» Exercise requirements:
The records below hold a stretch from the line with "Admiralty House, Arwenack Street" through the line with "Koffing 094/198 Common"; return exactly those lines, ends included, and nothing more.

Caption-style text data:

──────

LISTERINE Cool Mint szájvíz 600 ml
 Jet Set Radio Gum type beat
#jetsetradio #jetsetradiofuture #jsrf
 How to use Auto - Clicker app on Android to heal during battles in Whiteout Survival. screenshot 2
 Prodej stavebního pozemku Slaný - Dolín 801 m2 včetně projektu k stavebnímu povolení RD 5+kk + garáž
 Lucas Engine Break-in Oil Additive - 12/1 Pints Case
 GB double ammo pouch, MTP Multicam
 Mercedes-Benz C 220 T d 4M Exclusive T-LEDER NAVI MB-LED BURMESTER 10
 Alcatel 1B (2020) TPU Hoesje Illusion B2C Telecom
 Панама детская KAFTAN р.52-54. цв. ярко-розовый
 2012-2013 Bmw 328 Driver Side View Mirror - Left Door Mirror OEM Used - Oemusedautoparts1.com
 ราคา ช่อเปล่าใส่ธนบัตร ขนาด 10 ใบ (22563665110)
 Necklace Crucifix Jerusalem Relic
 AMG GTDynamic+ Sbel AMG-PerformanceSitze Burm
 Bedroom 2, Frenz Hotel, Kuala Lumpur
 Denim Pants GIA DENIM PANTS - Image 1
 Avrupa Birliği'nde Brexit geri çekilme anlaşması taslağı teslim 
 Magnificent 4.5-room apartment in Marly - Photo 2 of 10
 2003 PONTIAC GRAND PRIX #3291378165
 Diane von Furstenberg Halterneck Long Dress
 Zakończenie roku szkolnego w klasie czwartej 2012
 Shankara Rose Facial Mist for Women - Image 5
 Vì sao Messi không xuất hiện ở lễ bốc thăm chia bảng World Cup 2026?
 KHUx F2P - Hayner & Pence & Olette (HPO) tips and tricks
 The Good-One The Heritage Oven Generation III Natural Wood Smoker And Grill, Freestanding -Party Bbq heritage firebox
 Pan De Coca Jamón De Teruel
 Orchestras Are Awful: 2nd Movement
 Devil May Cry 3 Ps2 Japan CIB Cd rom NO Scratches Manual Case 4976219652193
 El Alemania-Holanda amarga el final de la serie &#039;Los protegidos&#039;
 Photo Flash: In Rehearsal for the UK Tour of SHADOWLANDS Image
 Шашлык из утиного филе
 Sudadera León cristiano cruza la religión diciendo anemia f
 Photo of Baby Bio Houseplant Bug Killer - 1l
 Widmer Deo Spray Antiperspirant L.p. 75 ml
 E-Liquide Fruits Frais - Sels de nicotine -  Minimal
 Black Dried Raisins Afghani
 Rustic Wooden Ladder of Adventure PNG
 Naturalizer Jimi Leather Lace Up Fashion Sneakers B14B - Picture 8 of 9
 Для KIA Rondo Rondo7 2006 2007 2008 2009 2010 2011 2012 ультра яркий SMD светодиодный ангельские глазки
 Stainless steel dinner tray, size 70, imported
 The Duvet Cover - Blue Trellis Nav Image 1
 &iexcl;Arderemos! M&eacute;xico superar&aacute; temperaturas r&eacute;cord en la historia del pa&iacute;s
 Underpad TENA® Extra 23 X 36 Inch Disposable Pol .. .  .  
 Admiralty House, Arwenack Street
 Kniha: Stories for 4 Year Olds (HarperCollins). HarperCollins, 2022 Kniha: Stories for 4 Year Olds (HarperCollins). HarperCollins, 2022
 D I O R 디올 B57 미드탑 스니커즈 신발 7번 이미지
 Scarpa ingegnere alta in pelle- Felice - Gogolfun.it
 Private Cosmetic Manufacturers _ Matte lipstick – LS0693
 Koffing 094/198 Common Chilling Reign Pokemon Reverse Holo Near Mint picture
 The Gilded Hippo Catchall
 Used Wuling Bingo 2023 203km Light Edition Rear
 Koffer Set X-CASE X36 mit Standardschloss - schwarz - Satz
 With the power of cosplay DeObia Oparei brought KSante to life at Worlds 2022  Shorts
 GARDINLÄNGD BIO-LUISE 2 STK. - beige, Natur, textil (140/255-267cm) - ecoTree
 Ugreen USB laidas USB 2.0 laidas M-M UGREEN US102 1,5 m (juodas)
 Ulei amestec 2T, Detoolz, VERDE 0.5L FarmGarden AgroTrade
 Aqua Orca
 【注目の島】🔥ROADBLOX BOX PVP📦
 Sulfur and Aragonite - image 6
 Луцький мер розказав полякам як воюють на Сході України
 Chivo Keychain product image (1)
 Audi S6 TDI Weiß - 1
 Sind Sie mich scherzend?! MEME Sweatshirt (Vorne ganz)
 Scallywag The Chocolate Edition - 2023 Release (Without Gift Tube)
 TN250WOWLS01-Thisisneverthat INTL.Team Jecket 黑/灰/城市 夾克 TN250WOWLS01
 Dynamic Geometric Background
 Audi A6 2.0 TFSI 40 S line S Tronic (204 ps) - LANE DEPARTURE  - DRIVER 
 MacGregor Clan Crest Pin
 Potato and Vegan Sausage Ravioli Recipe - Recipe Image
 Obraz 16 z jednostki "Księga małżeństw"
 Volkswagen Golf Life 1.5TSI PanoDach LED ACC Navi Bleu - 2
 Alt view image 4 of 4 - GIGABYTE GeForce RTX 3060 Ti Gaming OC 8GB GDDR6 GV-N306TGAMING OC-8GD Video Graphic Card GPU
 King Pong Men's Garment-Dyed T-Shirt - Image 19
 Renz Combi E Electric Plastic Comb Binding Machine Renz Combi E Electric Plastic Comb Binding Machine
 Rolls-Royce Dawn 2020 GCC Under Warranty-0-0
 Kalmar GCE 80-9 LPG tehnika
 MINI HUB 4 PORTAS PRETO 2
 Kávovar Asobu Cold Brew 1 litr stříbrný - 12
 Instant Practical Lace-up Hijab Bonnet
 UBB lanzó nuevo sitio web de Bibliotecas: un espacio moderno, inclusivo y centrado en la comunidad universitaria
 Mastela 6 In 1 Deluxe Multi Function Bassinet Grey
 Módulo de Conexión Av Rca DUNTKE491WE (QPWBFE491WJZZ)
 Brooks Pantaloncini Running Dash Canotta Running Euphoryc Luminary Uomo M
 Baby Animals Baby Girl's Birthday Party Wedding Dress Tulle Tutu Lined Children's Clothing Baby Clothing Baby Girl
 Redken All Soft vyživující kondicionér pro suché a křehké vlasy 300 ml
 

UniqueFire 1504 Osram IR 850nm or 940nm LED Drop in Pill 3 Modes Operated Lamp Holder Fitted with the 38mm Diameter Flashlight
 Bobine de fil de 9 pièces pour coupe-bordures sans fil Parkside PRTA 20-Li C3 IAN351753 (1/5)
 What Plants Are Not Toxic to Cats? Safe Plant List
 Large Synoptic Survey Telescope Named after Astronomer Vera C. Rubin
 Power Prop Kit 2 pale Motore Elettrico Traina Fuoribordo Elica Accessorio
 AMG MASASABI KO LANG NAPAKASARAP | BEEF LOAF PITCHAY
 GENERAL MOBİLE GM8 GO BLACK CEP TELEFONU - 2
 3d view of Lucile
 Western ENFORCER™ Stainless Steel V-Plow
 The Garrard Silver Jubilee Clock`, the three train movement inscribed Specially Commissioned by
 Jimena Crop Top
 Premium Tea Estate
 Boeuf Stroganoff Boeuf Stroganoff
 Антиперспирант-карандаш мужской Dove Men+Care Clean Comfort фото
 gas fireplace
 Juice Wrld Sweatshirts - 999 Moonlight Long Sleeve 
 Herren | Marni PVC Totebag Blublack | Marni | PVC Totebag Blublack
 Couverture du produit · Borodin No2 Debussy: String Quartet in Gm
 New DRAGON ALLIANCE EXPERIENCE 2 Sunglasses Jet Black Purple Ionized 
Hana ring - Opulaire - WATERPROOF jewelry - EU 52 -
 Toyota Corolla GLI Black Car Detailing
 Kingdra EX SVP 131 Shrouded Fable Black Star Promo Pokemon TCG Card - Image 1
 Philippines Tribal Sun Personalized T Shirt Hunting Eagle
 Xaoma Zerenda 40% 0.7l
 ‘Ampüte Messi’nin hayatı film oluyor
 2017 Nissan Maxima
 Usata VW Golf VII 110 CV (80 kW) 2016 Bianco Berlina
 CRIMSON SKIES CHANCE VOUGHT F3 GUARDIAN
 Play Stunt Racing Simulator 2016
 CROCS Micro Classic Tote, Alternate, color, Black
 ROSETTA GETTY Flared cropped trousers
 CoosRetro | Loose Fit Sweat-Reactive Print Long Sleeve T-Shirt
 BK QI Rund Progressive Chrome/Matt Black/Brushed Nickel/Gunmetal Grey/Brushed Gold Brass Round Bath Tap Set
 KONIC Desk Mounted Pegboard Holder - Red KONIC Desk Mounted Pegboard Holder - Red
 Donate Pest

──────

» Written solution:
 Admiralty House, Arwenack Street
 Kniha: Stories for 4 Year Olds (HarperCollins). HarperCollins, 2022 Kniha: Stories for 4 Year Olds (HarperCollins). HarperCollins, 2022
 D I O R 디올 B57 미드탑 스니커즈 신발 7번 이미지
 Scarpa ingegnere alta in pelle- Felice - Gogolfun.it
 Private Cosmetic Manufacturers _ Matte lipstick – LS0693
 Koffing 094/198 Common Chilling Reign Pokemon Reverse Holo Near Mint picture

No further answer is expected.